• MATERIAL TO PROCESS

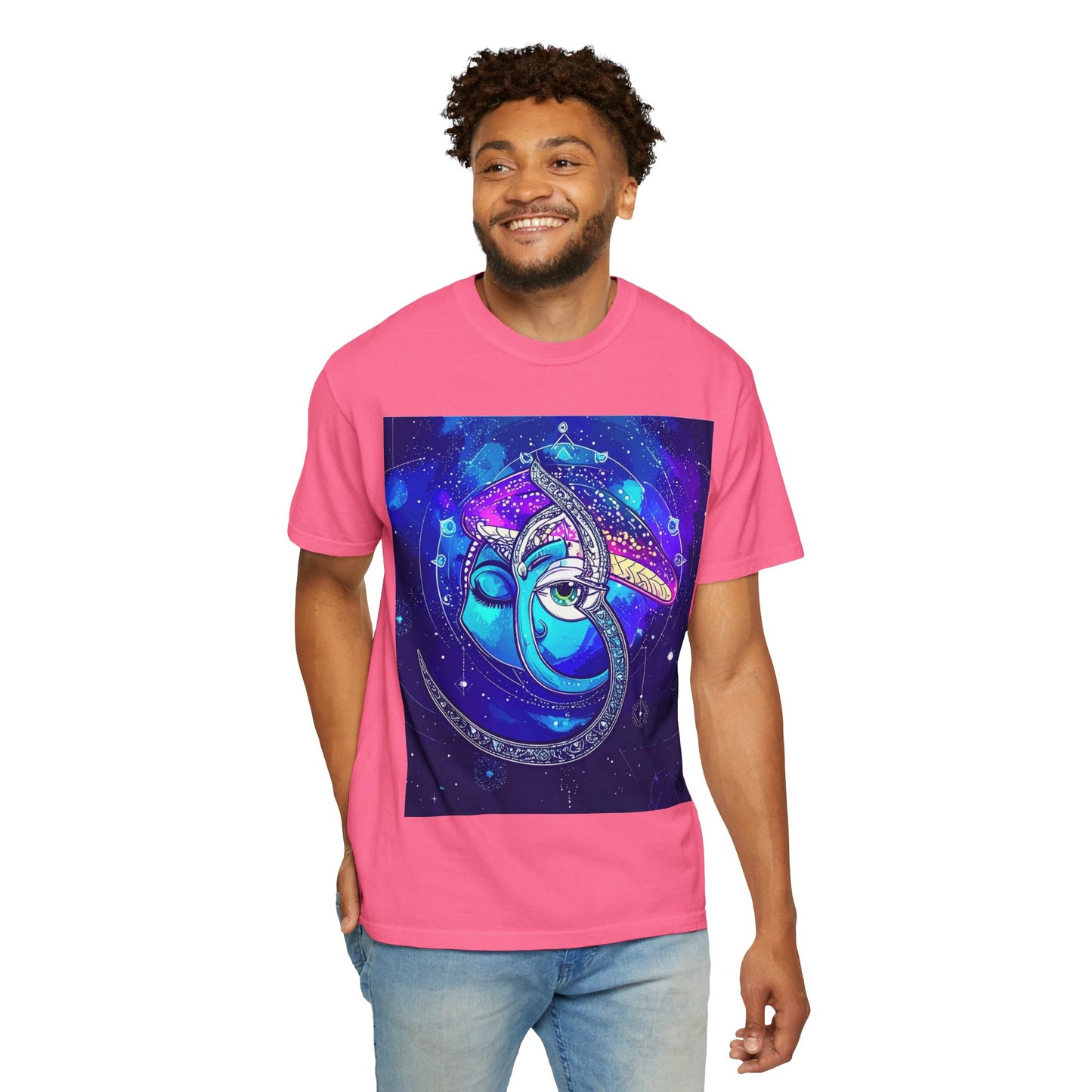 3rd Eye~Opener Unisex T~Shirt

---

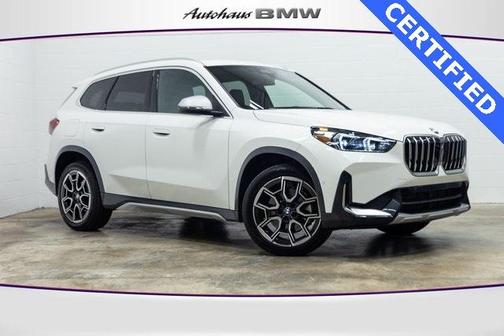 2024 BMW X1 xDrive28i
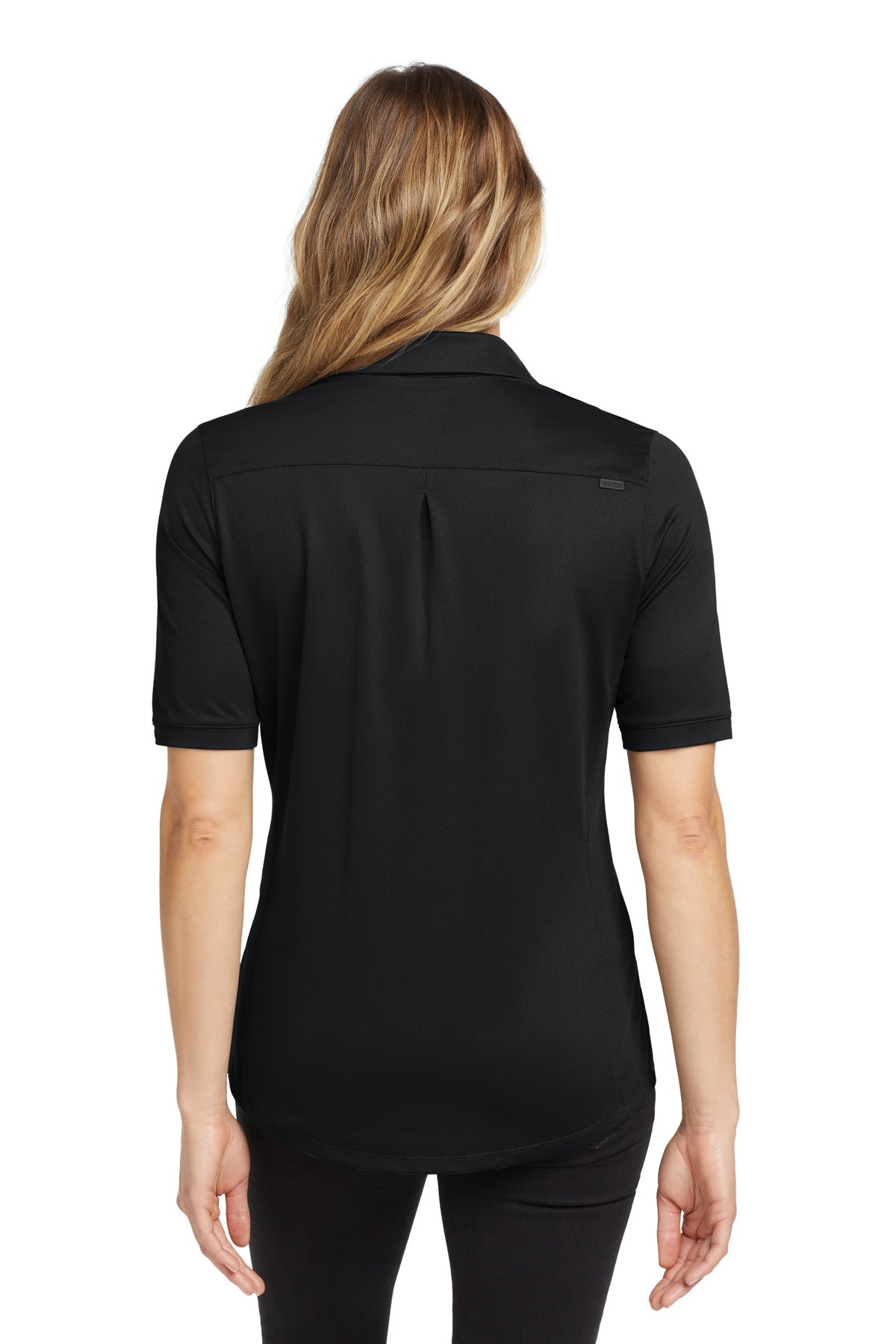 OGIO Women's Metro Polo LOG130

• PROBLEM TO SOLVE
In the listing above, find the line containing "2024 BMW X1 xDrive28i". Output it and every line after it up to and including the line containing "OGIO Women's Metro Polo LOG130", exactly, but skip the pictures.

• ANSWER BOX
 2024 BMW X1 xDrive28i
 OGIO Women's Metro Polo LOG130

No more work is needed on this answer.